Capítulo 14 - Um Ruido, O Castelo Foi Encontrado


Desci do ônibus as pressas, corro pela as calçadas, quero chegar ao meu destino, minha respiração está ofegante, prometo para mim mesmo que já estamos chegando, paro por um momento em um muro florido para descansar um pouco da grade maratona do ponto do ônibus que está apenas 4 metros de onde estou agora, paro no sinaleiro que está aberto, agradeço, assim consigo tempo para retomar o folego.

Não tive uma noite agradável esta noite, pesadelos invadiram minha mente e transformou minha noite em um filme de terro. Pesadelos são horriveis e assustadores, aqueles sonhos sufocantes em que você tenta acordar mas não consegue, são os piores 

Na entrada da escola me agacho com as mãos sobre os joelhos, a corrida até aqui foi a morte para mim. Concerto minha posição e sigo em direção para dentro da escola. 

- Como é andar de ônibus ? 

Surpresa levanto minha cabeça em quando subo os degrau da escada. Paro ao olhar á minha frente duas garotas que impem de proposito minha passagem, Lee Yoon a namorada do Jimin e sua amiga me encaram no degrau á cima. 

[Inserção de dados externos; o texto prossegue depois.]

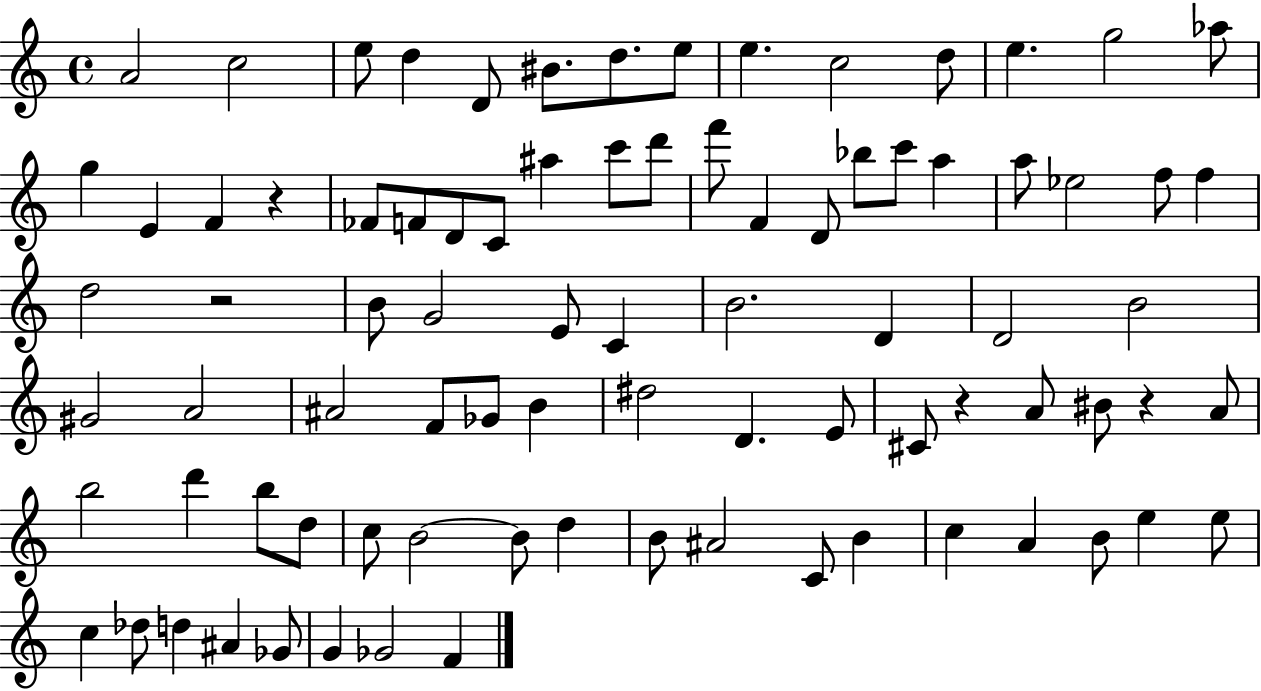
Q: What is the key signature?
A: C major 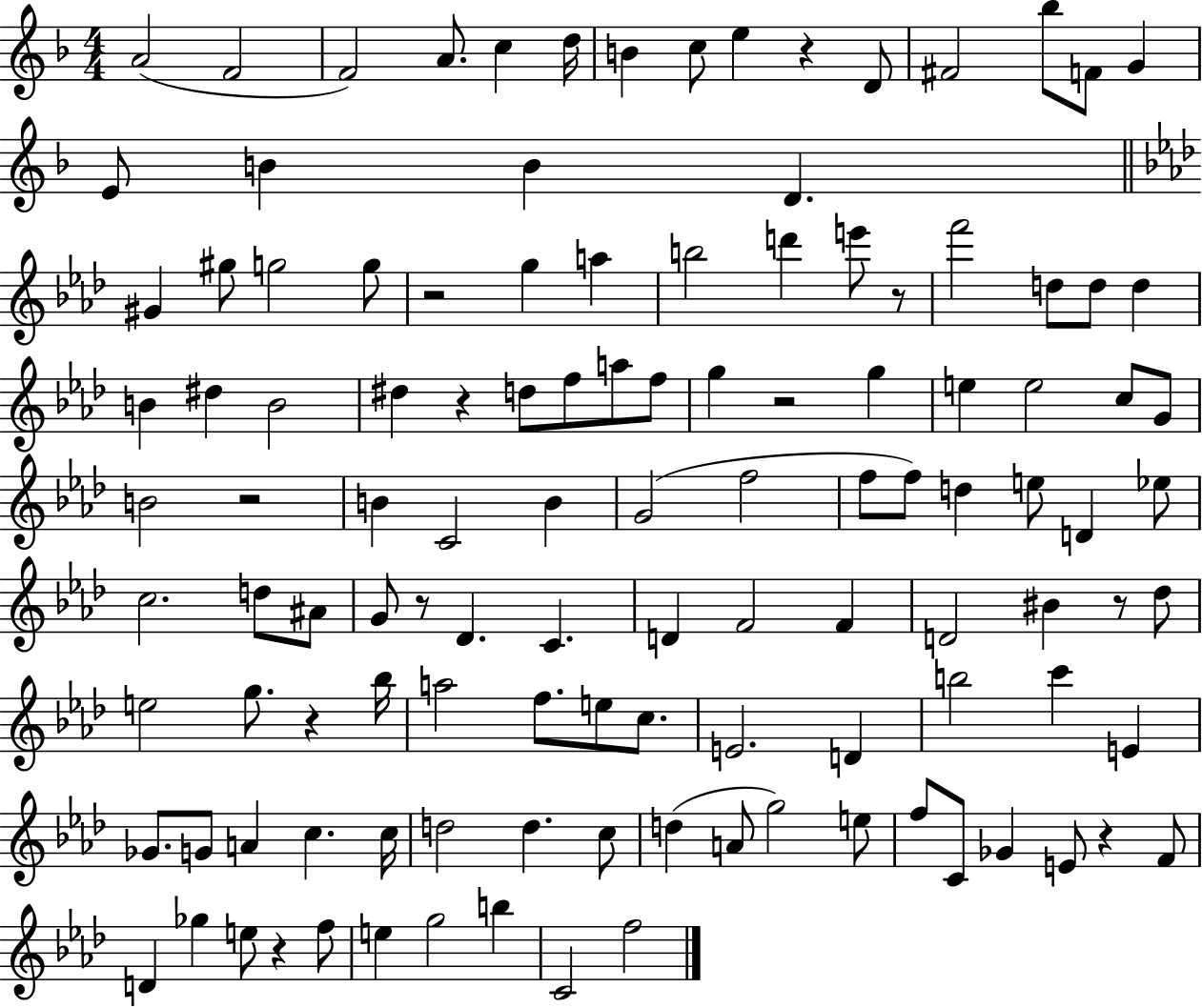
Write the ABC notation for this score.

X:1
T:Untitled
M:4/4
L:1/4
K:F
A2 F2 F2 A/2 c d/4 B c/2 e z D/2 ^F2 _b/2 F/2 G E/2 B B D ^G ^g/2 g2 g/2 z2 g a b2 d' e'/2 z/2 f'2 d/2 d/2 d B ^d B2 ^d z d/2 f/2 a/2 f/2 g z2 g e e2 c/2 G/2 B2 z2 B C2 B G2 f2 f/2 f/2 d e/2 D _e/2 c2 d/2 ^A/2 G/2 z/2 _D C D F2 F D2 ^B z/2 _d/2 e2 g/2 z _b/4 a2 f/2 e/2 c/2 E2 D b2 c' E _G/2 G/2 A c c/4 d2 d c/2 d A/2 g2 e/2 f/2 C/2 _G E/2 z F/2 D _g e/2 z f/2 e g2 b C2 f2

- O quê ? - Pergunto confusa. 

- Eu nunca vejo você chegar de carro, sempre chega na escola sozinha, a pé, mais pessoas de classe alta não anda de ônibus, há não ser que você seja pobre, mas não é o seu caso não é ? - Ela se inclina para a frente com seus braços cruzados me encarando.

Sua postura de questionamento me irrita. Penso como ela sabe que chego sozinha, ou que ando de ônibus, como ela sabe disso ? Ela tem me observado então ?

Não me importo. 

- Não é da sua conta! - Respondo subindo um degrau. 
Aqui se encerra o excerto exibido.